Une domination financière

Plus scientifiquement, on a pu montrer qu’une douzaine de grandes banques contrôlent les marchés financiers et, à travers eux, l’économie planétaire (François Morin, L’hydre mondiale, l’oligopole bancaire, Lux, Montréal, 2015).

Cette domination s’est faite brutale et visible lorsqu’elle a consisté, pour le Fond monétaire international (FMI), à imposer des « plans d’ajustement structurel » aux pays en développement ou à bafouer, avec la Banque centrale européenne (BCE), la volonté du peuple grec exprimée par voie de référendum. Elle se manifeste tout autant dans les critères d’austérité budgétaire en vigueur dans la zone euro. Et, de façon plus diffuse mais tout aussi politique, dans les normes de rentabilité qui s’imposent aux gestions d’entreprises, petites et grandes, et jusque dans la gestion des services publics. Sa force est précisément d’imprégner profondément la vie sociale en inspirant, à chaque instant, une multitude de décisions en fonction d’un critère fondamental : la rentabilité (profit rapporté au capital initialement avancé pour l’obtenir).

Il y a là une spécificité du capitalisme : les rapports de domination économique et d’exploitation y sont des rapports d’argent. La subordination des travailleurs salariés à leur employeur capitaliste, instaurée par un contrat de travail, a pour contrepartie le versement d’une somme en argent, le salaire. De la même façon, le capital n’existe que s’il peut prendre la forme d’une accumulation d’argent.
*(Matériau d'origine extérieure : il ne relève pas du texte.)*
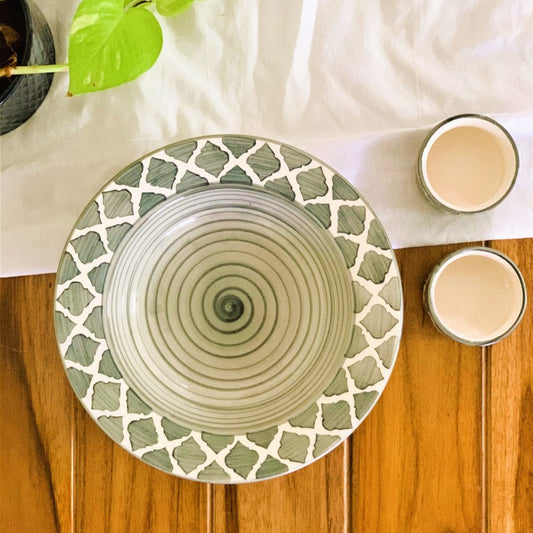 Grey Moroccan Pasta Plate with Dips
Jouir de la propriété des moyens de production, c’est avoir la faculté de décider à quoi sera consacré l’argent apporté par les actionnaires, emprunté auprès des banques et des marchés financiers ou mis en réserve à partir de profits précédemment accumulés.
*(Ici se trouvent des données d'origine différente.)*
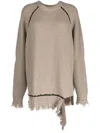 Y's Distressed Frayed Jumper In Brown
C’est ce qui explique pourquoi le développement du capitalisme a nécessité celui d’un système monétaire et financier, dont l’objet est de faire fonctionner comme capital la monnaie qui circule dans la société. Les marchés financiers le font en offrant à un capital précédemment accumulé la possibilité d’être placé en titres de propriété (actions ou autres parts de sociétés) ou en titres de créances (obligations mais aussi tous les types d’instruments conçus par la créativité sans limite des juristes d’affaires). Les banques font plus. Leurs opérations de crédit créent ex nihilo l’argent qui circule dans l’économie. Cet argent peut constituer l’avance des fonds nécessaires au lancement d’un processus de production. Il peut aussi servir à tout autre chose, par exemple à des placements financiers.
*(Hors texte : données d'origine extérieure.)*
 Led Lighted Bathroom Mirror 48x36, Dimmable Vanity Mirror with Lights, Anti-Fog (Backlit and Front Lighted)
« Le capital n’existe que s’il peut prendre la forme d’une accumulation d’argent. »

C’est pourquoi les banques occupent une position stratégique dans le maintien de la domination du capital. Le « pouvoir de dire oui » à une demande de crédit, et surtout le pouvoir de décider à qui on dit oui et à qui on dit non, est un pouvoir politique.

Frapper les banques

Ce qui précède conduit à un choix tout aussi stratégique : si l’on veut mettre fin aux dominations de classe, s’attaquer au comportement des banques est un terrain de lutte crucial. Priver les marchés financiers de la liquidité apportée par les crédits bancaires, ce serait les asphyxier et les rendre inoffensifs. Bien plus, mobiliser la création monétaire des banques et des banques centrales pour favoriser les projets répondant à des critères précis en matière économique, sociale et environnementale, serait l’impulsion qui manque aujourd’hui au développement et à la sécurisation de l’emploi qualifié et à la création des richesses nécessaires pour répondre aux défis de la crise sociale, écologique, politique et morale.

Contrairement aux marchés de titres, organisés pour ne laisser voix au chapitre qu’au seul critère de rentabilité des capitaux, les décisions relatives au crédit bancaire résultent de tout un tissu de relations entre le banquier, les consignes qui lui sont données par sa hiérarchie, les multiples acteurs économiques et sociaux que sa fonction l’amène à fréquenter tous les jours, y compris les propres salariés de l’établissement bancaire où il exerce son activité. Ces décisions peuvent donc obéir à des critères d’efficacité sociale, économique et écologique si deux conditions sont remplies : des mobilisations sociales pour une autre utilisation de l’argent dans les entreprises, dans les banques et dans les services publics, et la construction progressive de dispositifs institutionnels venant sanctionner les résultats des rapports de forces instaurés par ces mobilisations et favoriser leur développement ultérieur.

« Si l’on veut mettre fin aux dominations de classe, s’attaquer au comportement des banques est un terrain de lutte crucial. »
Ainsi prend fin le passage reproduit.